医師に必要なのは「勉強し続ける能力」だと大竹は言う。「医療は日々、進歩しているので、たえず新しい知識を吸収しなくてはなりません。勉強すればするほど、また新しく勉強したいことも見えてきます。生涯、勉強し続けることで、人間としての深みも増していくのではないか、と考えています」。

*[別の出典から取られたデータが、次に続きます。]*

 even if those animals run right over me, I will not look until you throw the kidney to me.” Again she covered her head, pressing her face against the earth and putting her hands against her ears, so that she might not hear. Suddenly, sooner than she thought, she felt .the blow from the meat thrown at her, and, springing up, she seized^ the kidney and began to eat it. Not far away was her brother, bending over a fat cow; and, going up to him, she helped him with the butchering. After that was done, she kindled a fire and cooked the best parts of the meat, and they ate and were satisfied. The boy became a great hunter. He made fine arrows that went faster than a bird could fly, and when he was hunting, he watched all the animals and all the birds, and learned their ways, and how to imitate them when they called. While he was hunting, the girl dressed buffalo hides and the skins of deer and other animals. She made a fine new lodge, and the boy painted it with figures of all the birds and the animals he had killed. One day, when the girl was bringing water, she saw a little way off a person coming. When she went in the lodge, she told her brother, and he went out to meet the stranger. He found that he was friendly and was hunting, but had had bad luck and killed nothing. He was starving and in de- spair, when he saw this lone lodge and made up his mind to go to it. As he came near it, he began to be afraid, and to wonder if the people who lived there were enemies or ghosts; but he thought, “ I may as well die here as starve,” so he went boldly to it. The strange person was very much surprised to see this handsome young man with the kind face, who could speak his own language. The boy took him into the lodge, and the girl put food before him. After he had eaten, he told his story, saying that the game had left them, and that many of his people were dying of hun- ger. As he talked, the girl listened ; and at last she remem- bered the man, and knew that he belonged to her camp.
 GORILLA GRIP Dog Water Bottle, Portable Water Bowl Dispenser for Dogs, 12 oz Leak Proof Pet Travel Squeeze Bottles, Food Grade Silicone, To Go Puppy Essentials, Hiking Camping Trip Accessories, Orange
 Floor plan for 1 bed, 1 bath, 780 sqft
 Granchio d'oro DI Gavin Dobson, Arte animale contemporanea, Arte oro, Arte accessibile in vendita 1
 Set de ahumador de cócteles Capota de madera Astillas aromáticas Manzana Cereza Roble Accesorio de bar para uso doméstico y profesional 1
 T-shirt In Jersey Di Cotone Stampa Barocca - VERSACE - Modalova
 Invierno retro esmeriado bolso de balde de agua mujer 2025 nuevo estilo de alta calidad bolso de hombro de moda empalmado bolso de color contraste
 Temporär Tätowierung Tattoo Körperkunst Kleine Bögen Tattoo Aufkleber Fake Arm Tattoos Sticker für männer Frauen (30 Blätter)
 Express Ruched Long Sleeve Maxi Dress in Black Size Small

  • 総合大雄会病院の自由闊達な学びの風土は、もともとあったものではない。「医師臨床研修制度が始まった頃は、研修医をやさしく守るような過保護の状態でした。でも、それでは能力は伸びない。そこで少しずつ改革してきました」と指導医の後藤礼司は説明する。たとえば、研修医を一人の医師として扱うのも、その一つだ。研修医は患者を前に実践することで、真の臨床力を身につけていく。
  • 希望すれば、大学病院などで学べるようにしたのも、研修改革の成果だ。「そもそも一つの施設で、パーフェクトな教育は望めません。むしろ研修医たちは、積極的に外に出ていくべきだと考えています」と後藤。こうした自由度の高い教育環境は、自院の医師を育てるのではなく、広く社会に貢献する医師を育てようとする熱意の賜物ともいえる。同院では、医師を地域の社会資源と考え、未来の地域医療を支える良医の指導に情熱を傾けている。

学び続けるという姿勢を
初期研修で身につける。

  • 日進月歩で発展する医療の世界。毎年のように、新しい医薬品が生まれ、医療技術が進化し、治療の常識がどんどん塗り変わっていく。だからこそ医師という職業は、生涯、学び続けなくてはならない。
  • 初期研修の2年間は、基礎的な臨床能力を学ぶだけでなく、そうした〈医師としての学び方〉を学ぶ期間であるといっていいだろう。指導医の後藤は言う。「今の時代、最新の論文を読もうとすれば、インターネットですぐに検索できます。便利なツールを使って、常に世界のトップランナーが行っている医療の知識を吸収してほしいと研修医には話しています」。さらに同院には、たくさんの〈教えたがり〉が研修医の質問を待ち構えており、いろんな症例に触れ、悩み、自分で答えを考える機会が豊富に用意されている。受け身の研修医には、ちょっとハードかもしれない。しかし、自ら学ぼうとする研修医にとって、これほど魅力的な環境はないのではないだろうか。